Realizing that the future of the Institute would be better assured by active research on the part of faculty and student body, Director Ricketts inaugurated in 1913 a graduate program of studies, leading to advanced degrees in engineering and science. In order to encourage graduates to take up advanced work, Mrs. Russell Sage, in 1913, established 2 fellowships of $600 each with free tuition. Since 1923 10 more fellowships, likewise of $600 each and free tuition, are awarded annually by the Board of Trustees.
Starting with 2 graduate students in September, 1913, the number increased very slowly at first (6 in 1917, 9 in 1924, 15 in 1930), then more rapidly, and reached a maximum in 1931 when the number of graduate students in engineering and science was 74 (including 37 instructors). Since that time the number has averaged around 60 annually. On the outbreak of the war the number dropped sharply (only 7 in 1943). When the war ended, the number increased rapidly (67 in 1946) and reached a peak of 277 (of which number 34 were enrolled in chemistry and 8 in chemical engineering) in the fall of 1948. The first Ph.D. degree in chemistry was conferred in 1926. Of the total number of Ph.D. degrees conferred in the period 1913-49 (54) no fewer than 32 were given in the chemistry department (15 in organic chemistry, 9 in physical chemistry, and 8 in analytical chemistry). Ten of these Ph.D.’s in chemistry are professors at various universities and colleges, 2 entered the services of the federal government, while the others are connected with oil companies and various industrial concerns.

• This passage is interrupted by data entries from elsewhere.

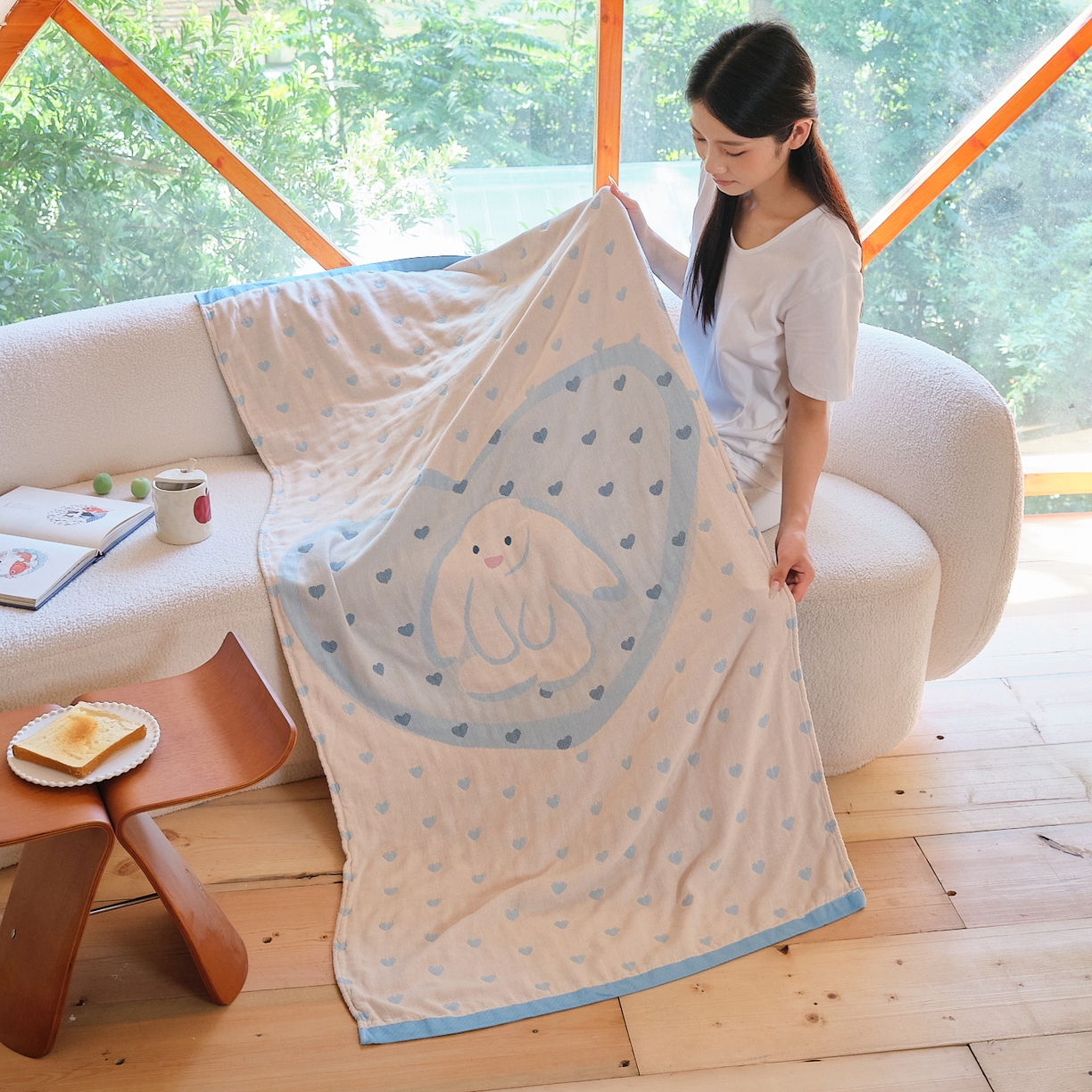 91家纺网 家纺一手货源 找家纺 沐瑟家纺 2025新款卡通A类全棉四层纱布浴巾加大毛巾-第一组 爱心小兔 80*160cm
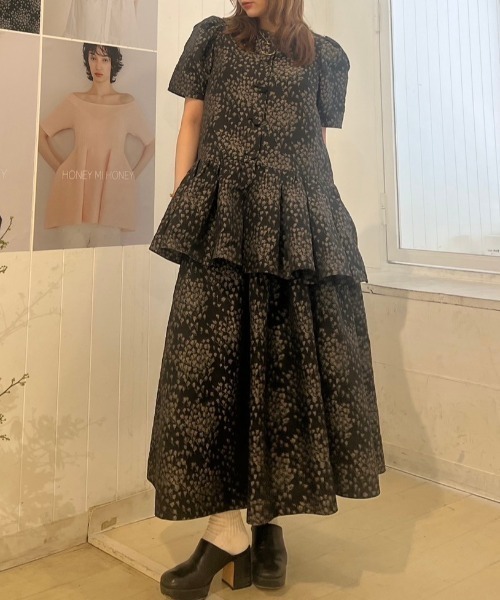 HONEY MI HONEY（ハニーミーハニー）の「taffeta jacquard blouse jacket（ノーカラージャケット・レディース・オフホワイト/ピンク/ブラック・FREE）」の7枚目の写真
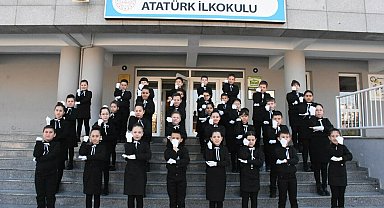 İzmir'de ilkokul öğrencileri, İstiklal Marşı'nı işaret diliyle okudu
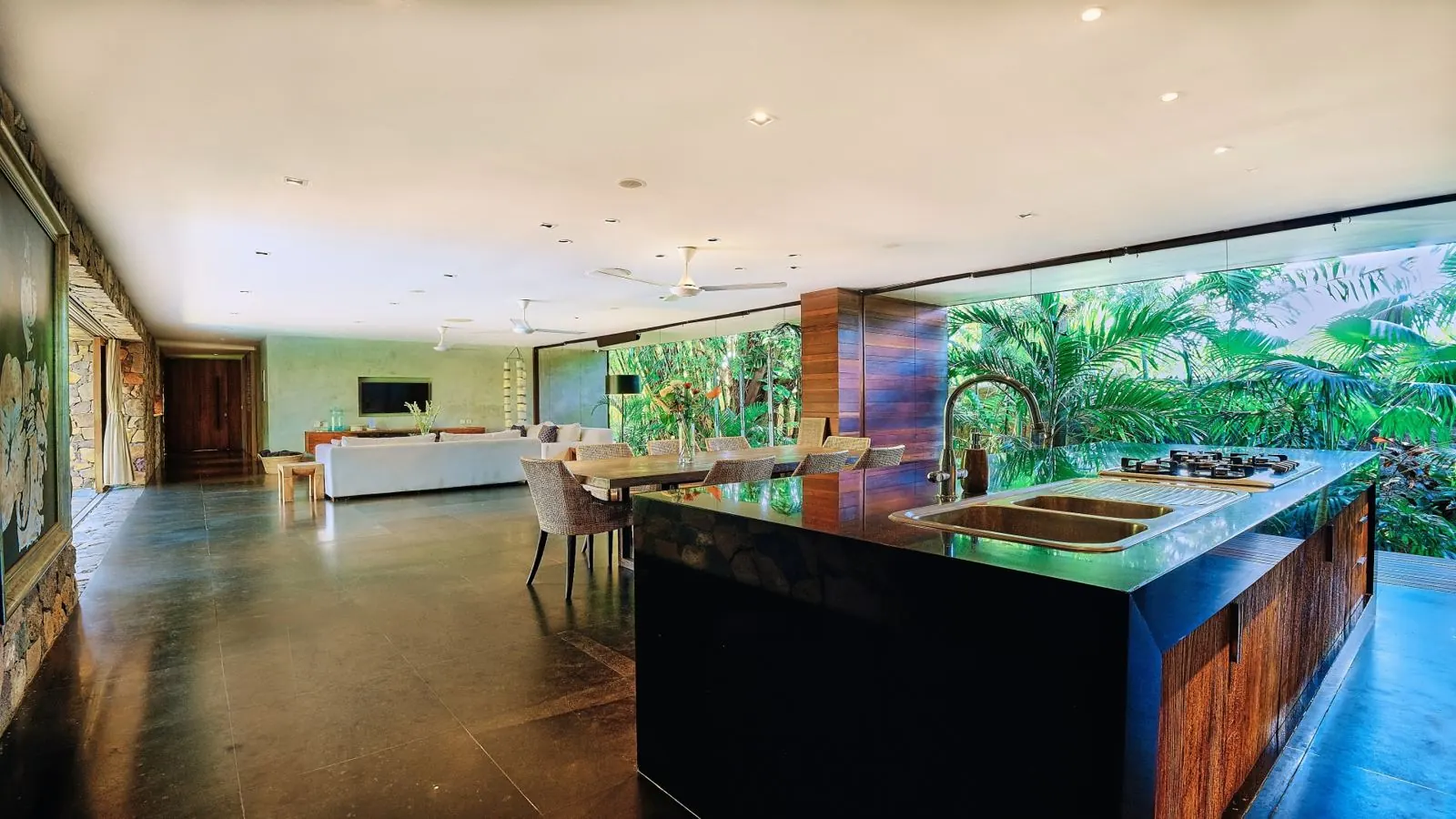 Cuisine équipée ouverte sur le jardin tropical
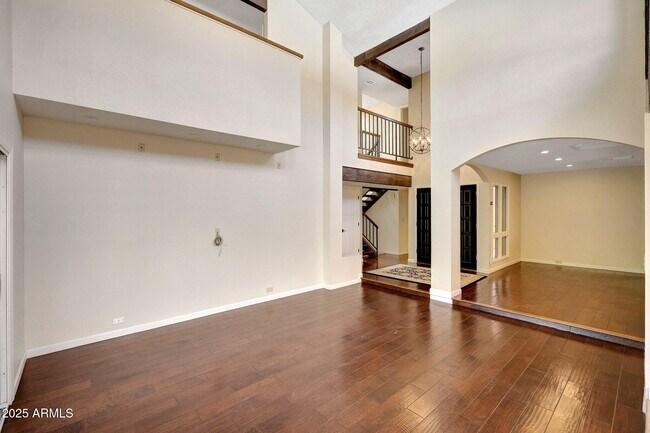 Building Photo - 10613 N 9th St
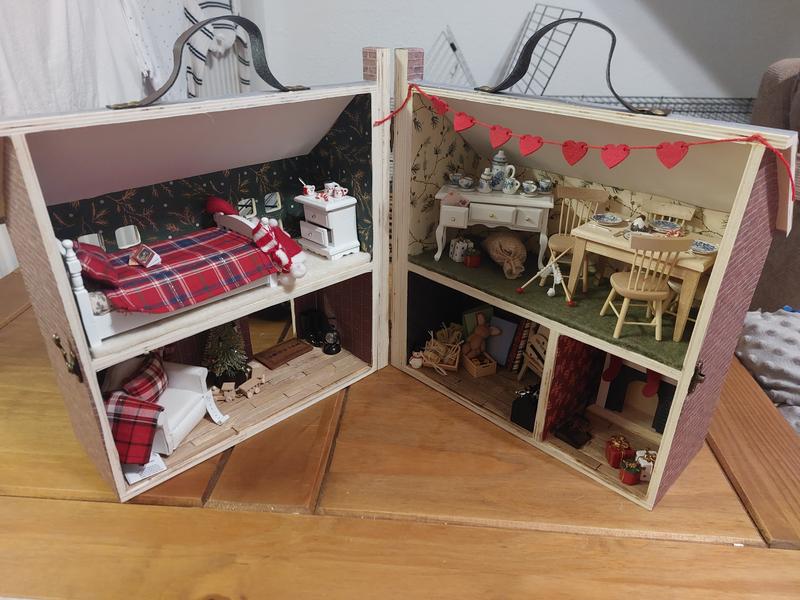 Dolls house hot sale hobbycraft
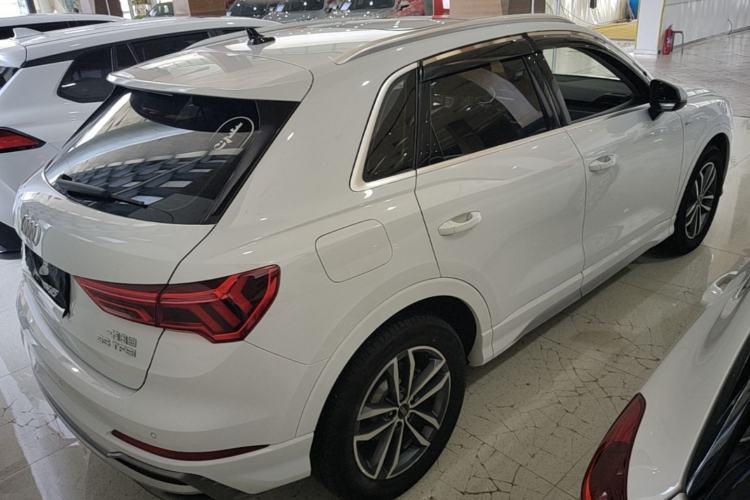 Used Audi Q3 2021 35 TFSI Progressive Dynamic Edition Rear Right 45 Deg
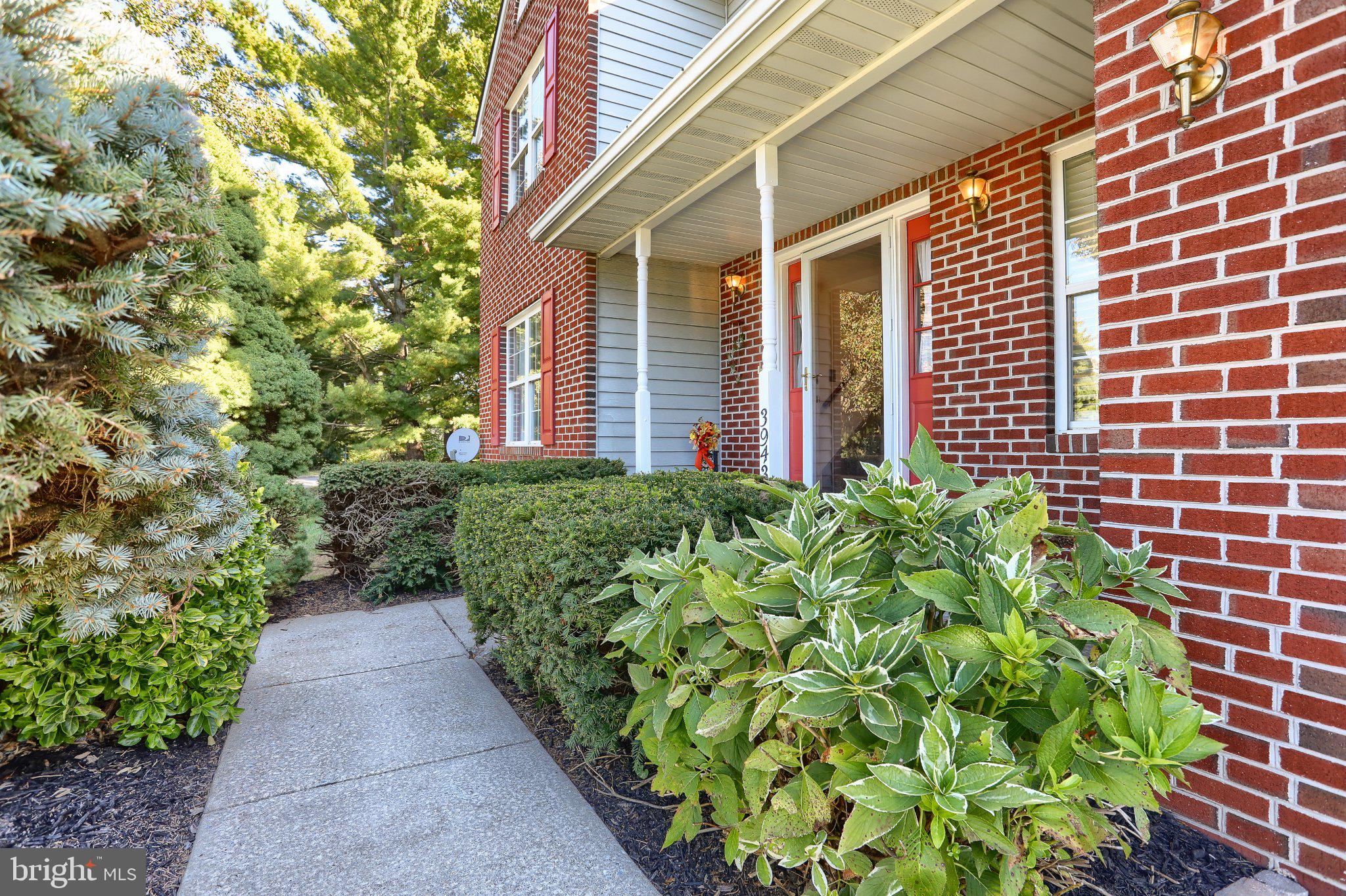 3943 BRITTANY LANE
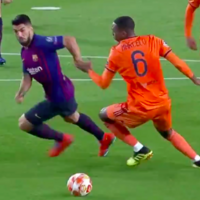 アグエロの動き出しをみよ 世界トップレベルのストライカーのオフ ザ ボール 大人になってから学ぶサッカーの本質とは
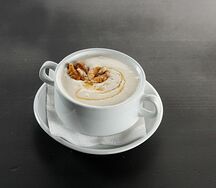 Каша овсяная с медом и грецкими орехами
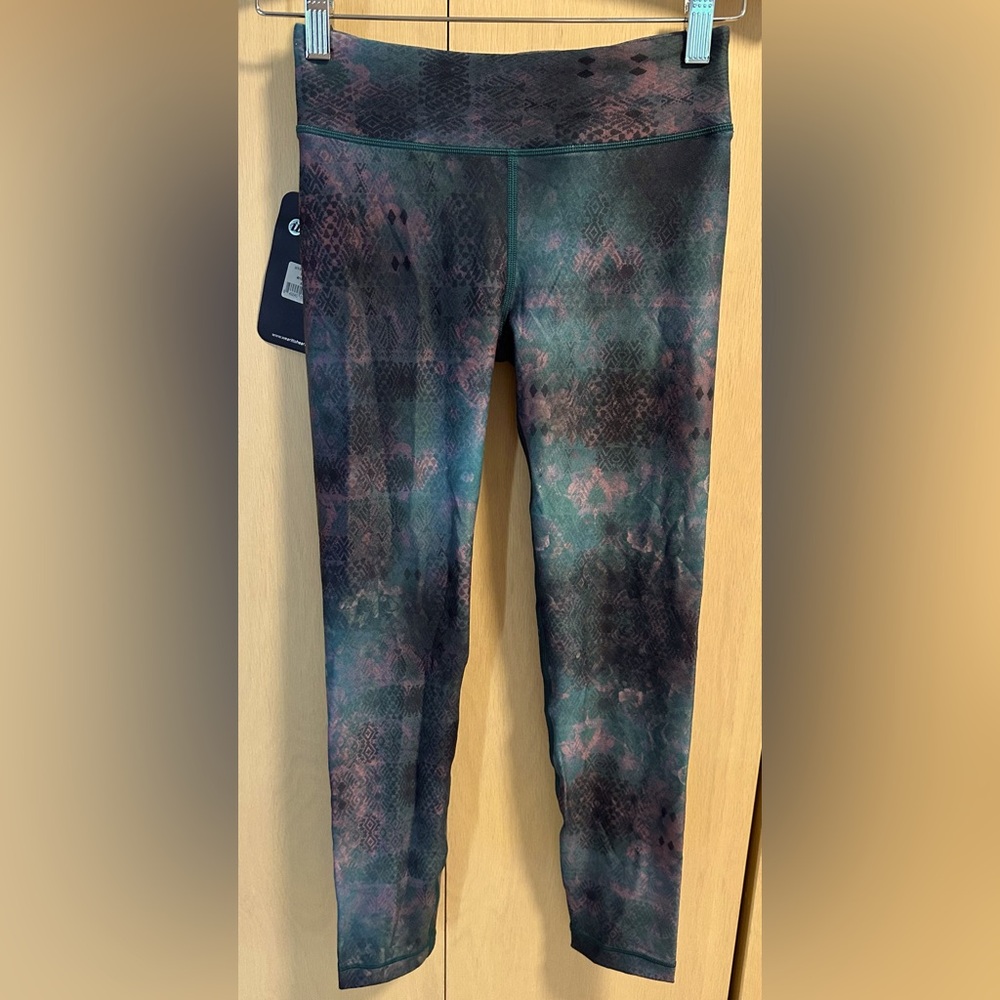 Wear It To Heart Enigma Capri Leggings - NWT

The results of the experimental and theoretical studies pursued a t the Institute have been published in a number of scientific journals and also, to a considerable extent, in a series of Institute publications numbered consecutively from 1 to 58, which appeared from 1913 to 1943. Of these, a total of 8 dealt with work carried out in the Walker Laboratory.
While a considerable number of chemistry students took up advanced work after graduation (from 1921 to 1949 80 M.S. and 32 Ph.D. degrees were conferred), the corresponding figures for chemical engineering are, not withstanding the much larger number of graduates, comparatively small (from 1921 to 1949: 54 M.S. and 4 D.Ch.E.).
In concluding this brief review of the development of chemistry at R.P.I. in the past 125 years, the writer wishes to thank those of his colleagues who have kindly supplied pertinent data, and, last but not least, the faithful stockroom custodian, “Billy” Bolger, who was present at the opening of the Walker Laboratory and is still going strong after 40 years of service.
[1] VAN RLOOSTER, H. S., THIS JOURNAL, 15, 453 (1935).
[2] VAN KLOOSTER, H. S., THIS JOURNAL, 21, 158 (1944).
[3] VAN KLOOSTER, H. S., AND J. B. CLOKE, THIS JOURNAL 24, 210 (1947).